For typical and basic users, students, professionals, and practically anyone who doesn’t need some of the deeper, more granular features of the suite, Office for iPad is a killer product. One that, after just minutes of use, I would recommend to anyone looking for a document, spreadsheet, or presentation editor from mobile.
It isn’t just because they’re unbelievably good at what they do or because Microsoft fulfilled its promise of a usable Office suite for iPad. But Microsoft managed to capture the fully-fledged Office experience in mobile applications – the UI, user experience, and most the functionality. If you’re familiar with Office on PC or Mac, you’ll feel right at home within seconds of opening Word, Excel, or PowerPoint, and that will go a long way for any.
Pricing, however, is an issue.
I’m not exactly a fan of the direction Microsoft went. The applications are free to download. And without paying, the only sort of functionality you’ll get is the ability to view your documents – no editing, no creating. To do more, you’ll need a subscription to Office 365, which starts at $9.99 per month. Or you can pay for an entire year in one, lump sum for $99.99. This will get you Office access on up to five PCs/Macs and five iPads, 27GB (total) of OneDrive storage, 60 international Skype minutes per month.

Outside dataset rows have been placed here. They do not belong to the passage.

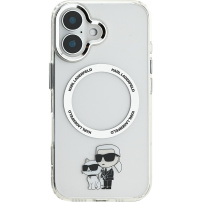 Karl Lagerfeld Husă IML Karl și Choupette cu MagSafe pentru iPhone 16 Plus - Transparentă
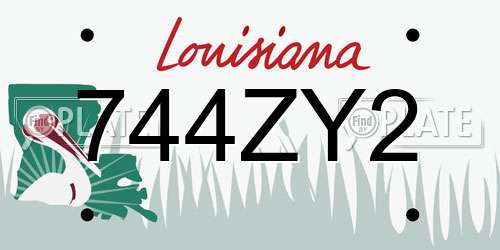 744ZY2 Louisiana License Plate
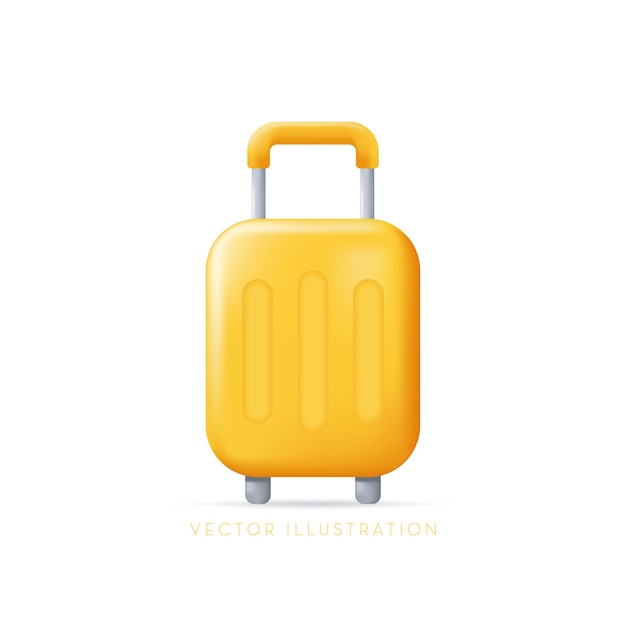 Suitcase icon Travel packing concept 3D Vector Illustrations in cartoon minimal style isolated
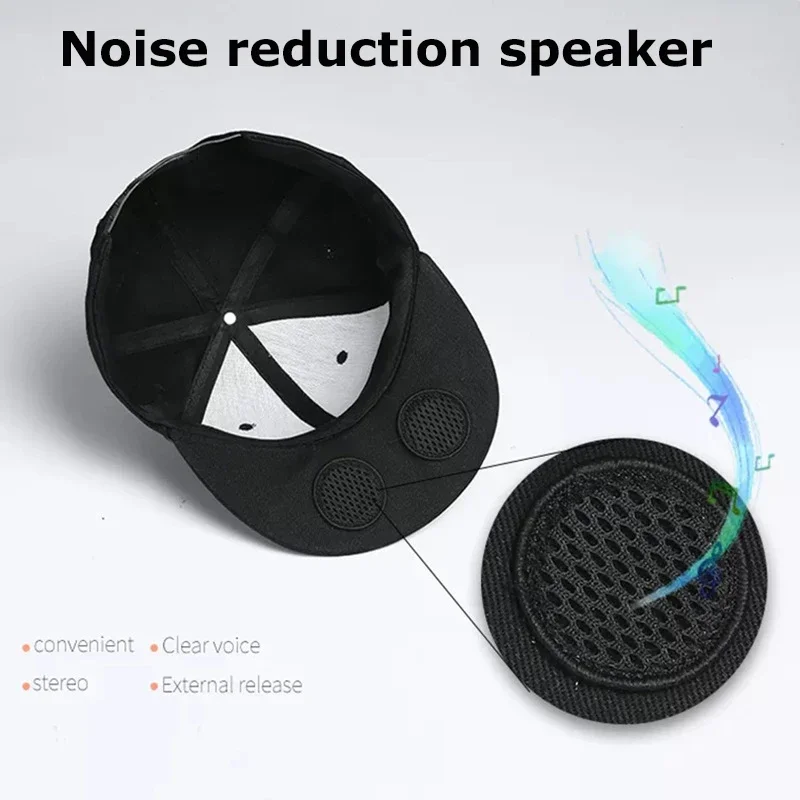 Music Hat Headset Speaker Wireless Earphone Stereo Bluetooth Sports Sunshade Baseball Hat Handsfree Call Music Player with Mic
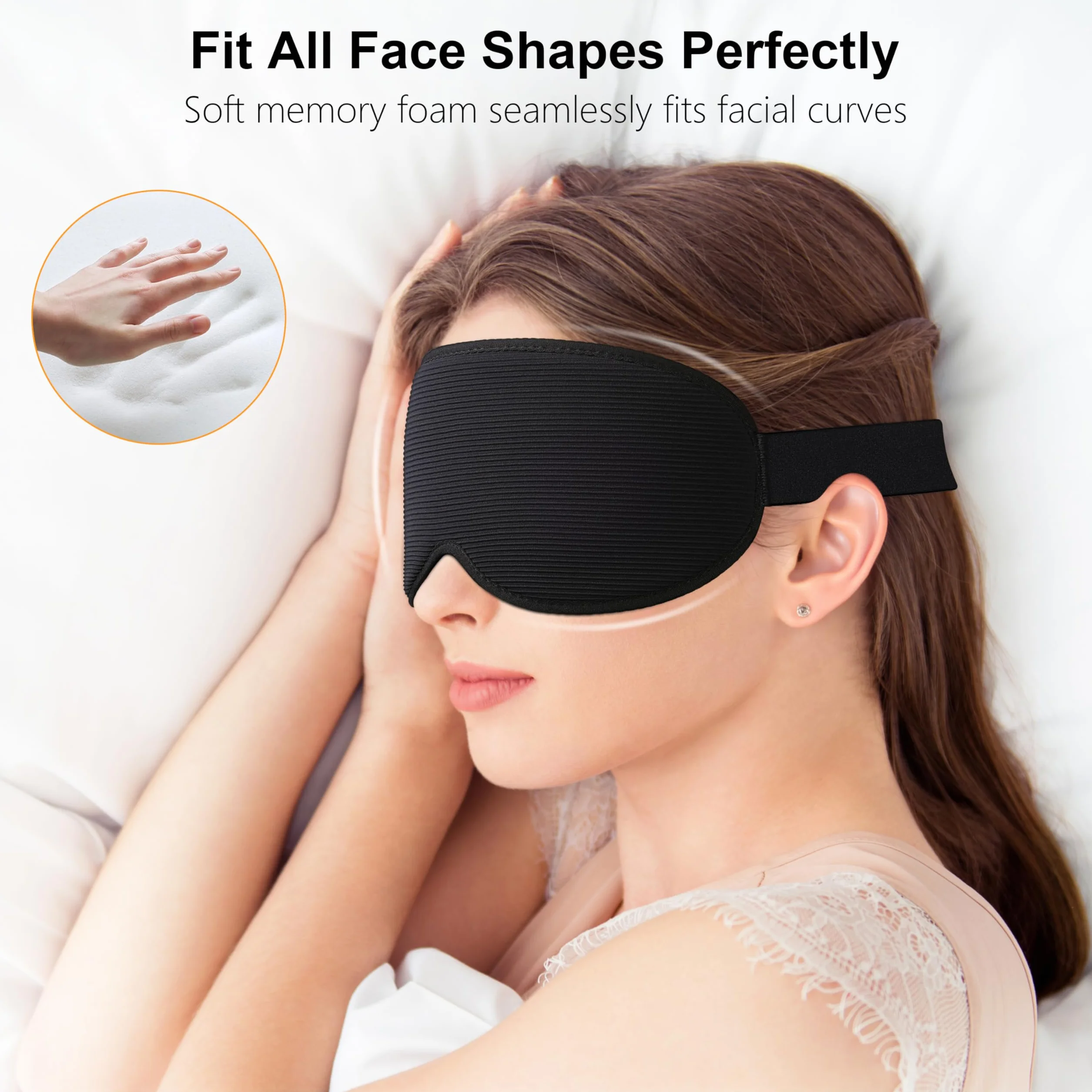 Gritin Masque de Nuit 3D Anti-Lumière Zéro Pression Oculaire Design Elargi Bande Réglable Cache Yeux pour Dormir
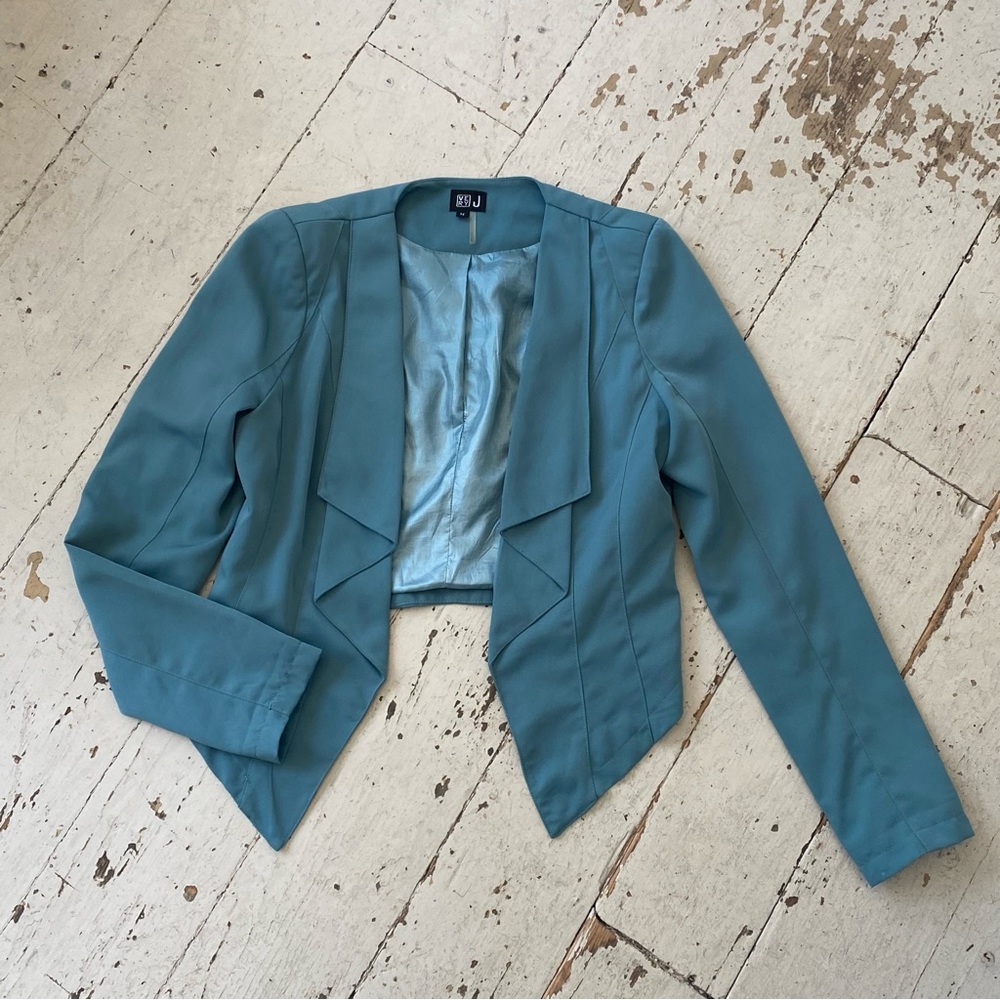Very J Turquoise Open Waterfall Blazer Jacket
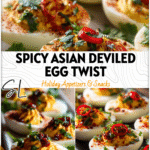 A platter of spicy deviled eggs garnished with chili and herbs inspired by Asian Boiled Eggs.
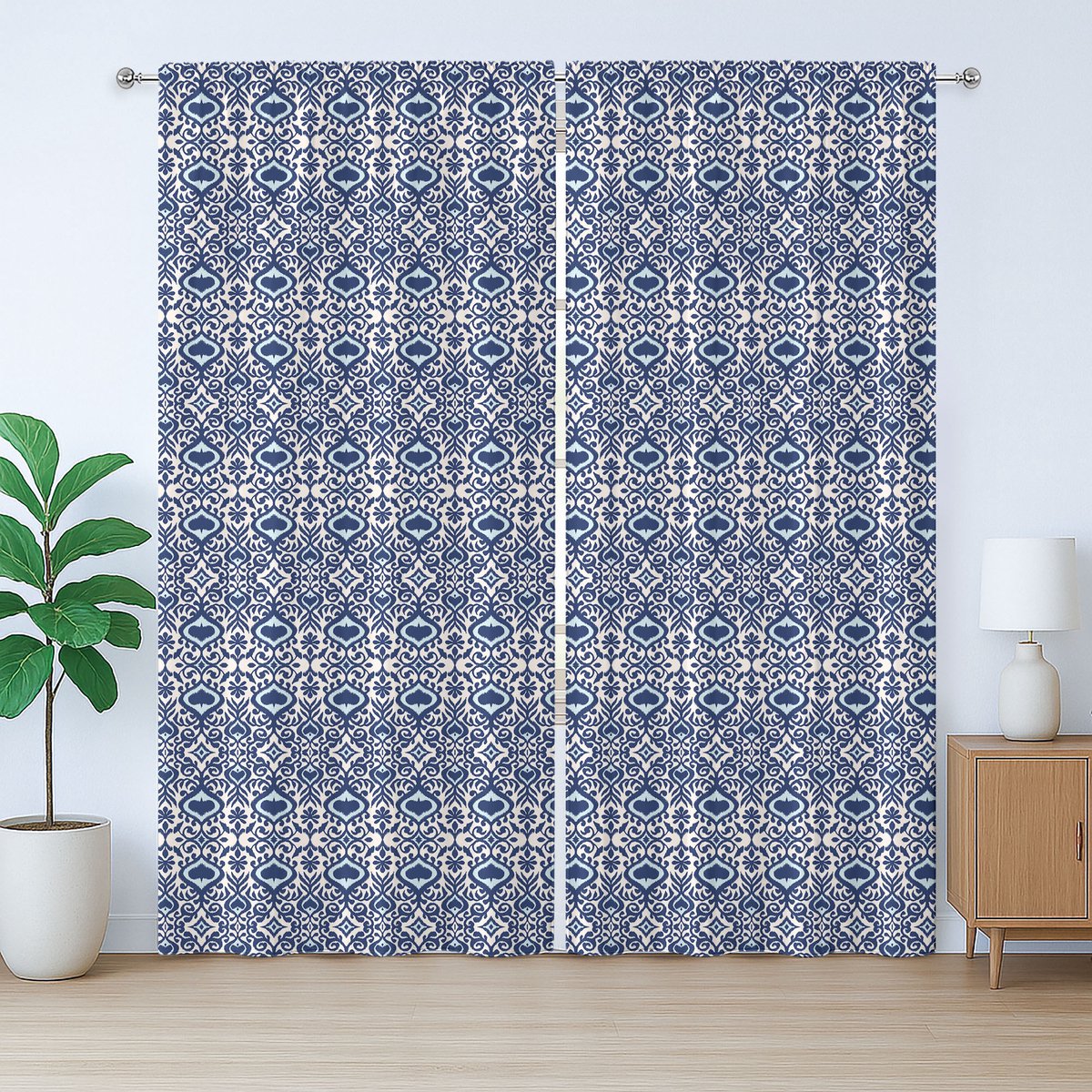 ABAKUHAUS Oriëntaals rustiek gordijn, traditioneel ikat-geïnspireerd, met lussen en haken, 280 x 245 cm, nachtblauw licht eierschaal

If you already have a subscription, you won’t need to pay anything additional for Office for iPad.
If you’re a full- or part-time student or staff of an accredited higher education institution, you can pay $79.99 for a four-year subscription to Office 365 University for use on a combination of two devices – a PC, Mac, or iPad.
Ideally, a one-time licensing fee would be a much better deal for end users, in the long run. $50 for the whole Office suite, or $20 per app, would be ideal. The subscription fee is a way for Microsoft to make Office viable as a long-term product, and that, in turn, hurts the end user.
But, realistically, $9.99 per month or $99.99 per year (an average of $8.33 per month) isn’t a horrible deal (especially if you split the cost with other household members or … friends). The offer should definitely come with more than 20GB of storage, even if that’s plenty of space for your average document types. But Microsoft could certainly sweeten the deal in a couple of ways.
That said, if I had a need for Office, Excel, or PowerPoint, if I were a student or needed to create documents or spreadsheets on the go more often, I wouldn’t hesitate to pony up and pay $9.99 per month. The level of fit and finish of Office for iPad is impressive, and I wouldn’t mind having Office on my Mac, as well.
What say you? Is the subscription fee too high? Should Microsoft sweeten the deal a little by offering a smaller subscription package to individual users, such as $4.99 per month for 10GB of OneDrive and access on one computer and one iPad only?
We’re not fans of subscriptions in this particular scenario, but given Microsoft’s history with services, this could certainly be worse.